I just can't help looking at all of the awful rugs that I see worn by major figures on TV all of the time, and wondering.
Are they really preferable to just going with the reality? Is it better to be ugly or ridiculous?   :tv:


----------



## Shalimar (Sep 20, 2015)

Personally I think bald is attractive.


----------



## imp (Sep 20, 2015)

My wife's brother in law is said to be completely bald. No one in the family recalls ever seeing him without his "toop", as they call it, unbeknownst to HIM! It's ratty-looking, the guy is older than I, not a single gray hair in that matted-looking mess! Occasionally, he produces a small comb, and proceeds to carefully stroke the sides, intending to fool, perhaps. Now and then his wife carefully runs her fingers through it. My wife shudders to see this happen. 

We ask ourselves, does it ever come off? Glued on? Sleeping? The strongest winds failed to cause any concern, when we were all out and about. Know anyone quite that vain?   imp


----------



## fureverywhere (Sep 20, 2015)

Even as he's gotten older I always found musician Jan Hammer MEOWRRRRRR


----------



## Shalimar (Sep 20, 2015)

Ooooh, those eyes, that mouth. Who cares about his hair?


----------



## fureverywhere (Sep 20, 2015)

I repeat, even when I was a teen and he was playing with McLaughlin then Jeff Beck...ooooh baby take me home!!!!


----------



## Underock1 (Sep 20, 2015)

...but what do you think about these people in the public eye? Is bald viewed by the public as such a negative thing that it could ruin their careers? Somewhere, PR people must be selling them on the idea that you must wear this silly thing or die.


----------



## Shalimar (Sep 20, 2015)

I think Underock, it is an ageist thing, as in bald equals old. Silly. I think in time this will pass.


----------



## fureverywhere (Sep 20, 2015)

It depends too on the person...Shaq and Seal...awesome. Michael Stipe not so much.


----------



## Underock1 (Sep 20, 2015)

Shalimar said:


> I think Underock, it is an ageist thing, as in bald equals old. Silly. I think in time this will pass.

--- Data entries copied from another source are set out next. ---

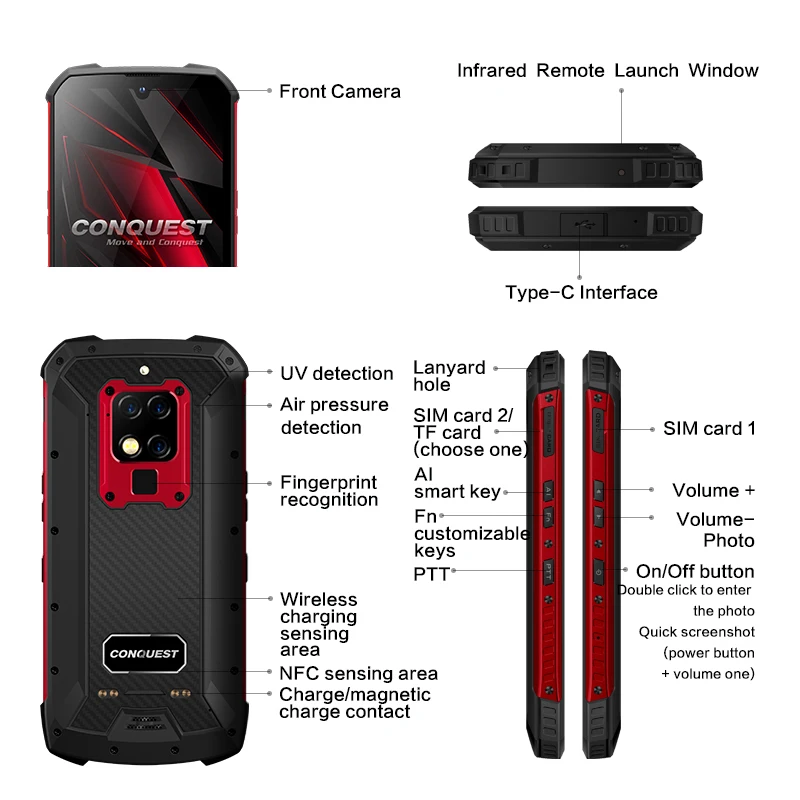 Смартфон Conquest S16 экран 5 99 дюймов восьмиядерный процессор Helio P90 ОЗУ 8 Гб ПЗУ 128/256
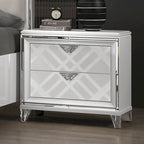 Table de chevet Glam 2 tiroirs avec port de chargement USB | Pieds en acrylique | Noyer ou Gris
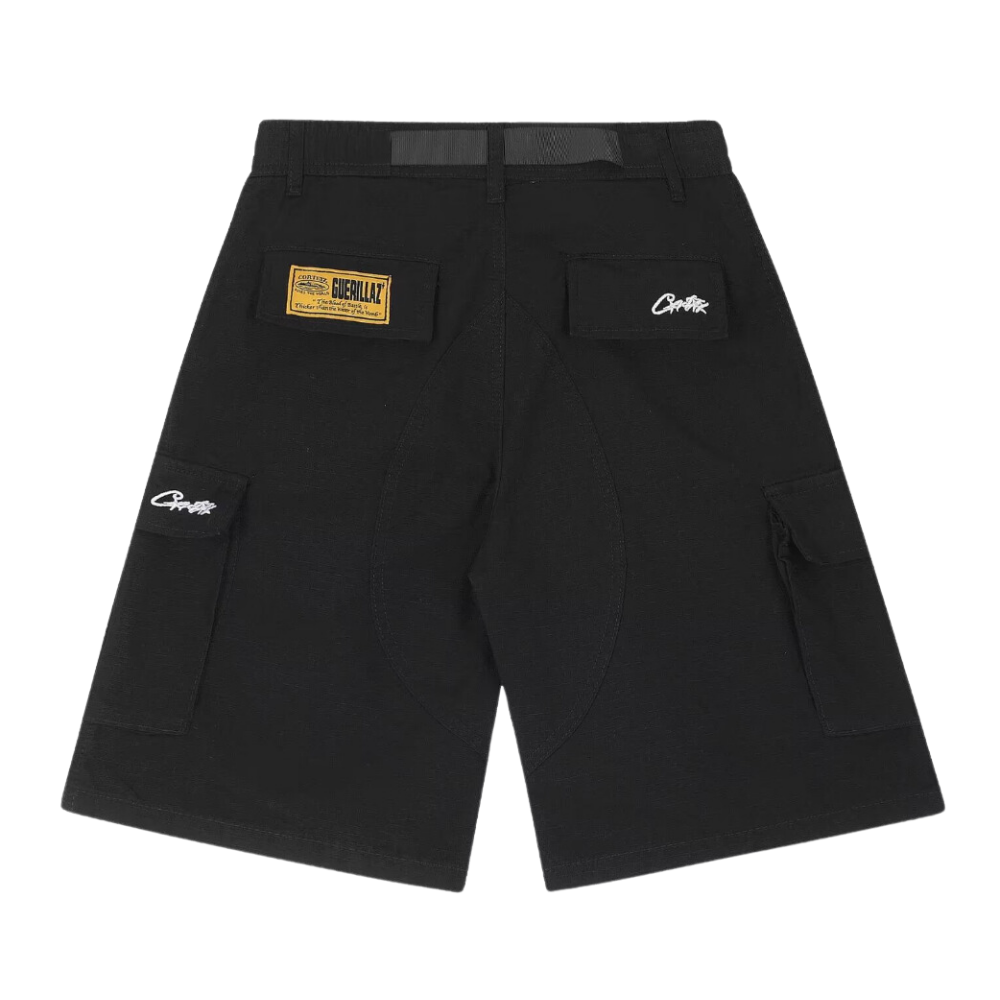 Street Print Belted Side Button Shorts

Oh, I agree. Its all about old is not good, but do they really think they are fooling anyone? We see bald people all the time and think nothing of it. When you see a silly looking rug, it just draws your attention to it.


----------



## Shalimar (Sep 20, 2015)

I agree Underock.


----------



## fureverywhere (Sep 20, 2015)

Yes I agree, Elton John did the whole transplant thing and to what point? Really it's okay, thinning hair is not a big deal. Worse is "The Donald", he has a freakin' dead possum up there right?


----------



## Shalimar (Sep 20, 2015)

Fur, so,that's what it is ? I thought it was a giant hair  ball. My mistake.


----------



## Butterfly (Sep 20, 2015)

Underock1 said:


> Oh, I agree. Its all about old is not good, but do they really think they are fooling anyone? We see bald people all the time and think nothing of it. When you see a silly looking rug, it just draws your attention to it.



Yup, and it makes you wonder why the person doesn't have sense enough to know it looks silly.


----------



## Butterfly (Sep 20, 2015)

Possums are darker, unless he bleached the deceased.  I vote for hairball.


----------



## SeaBreeze (Sep 20, 2015)

Bald is not bad or ugly, IMO.  I don't care for men, young or old, who completely shave their heads...but male pattern baldness has been around forever, it's very natural for some, especially with thin hair, regardless of age.  I knew a guy years ago, in his 30s, who was losing most of his hair.  His parents helped pay for some transplants which didn't work out, he looked like he had a doll's head, always wore a hat.  I don't like comb-overs, just my preference...seen too many unkempt or in the wind.  My husband has lost some of his hair, just like his father, he keeps what he has short and I think it's the best way to go. I don't like men who wear wigs, or dye their hair.


----------



## jujube (Sep 20, 2015)

I've been trying for six years to get the Spousal Equivalent to give up the 18-hair comb-over, with no results.  I think bald beats that out by a mile!


----------



## SifuPhil (Sep 20, 2015)

Male pattern baldness ... the heart-break of MPB! Especially when it friggin' starts when you're 16 or so, and all your friends have massive forests on their head that the girls love to run their hands through, and you're the only one in the group that they need to take an extra 5 minutes with to start feeling your follicles!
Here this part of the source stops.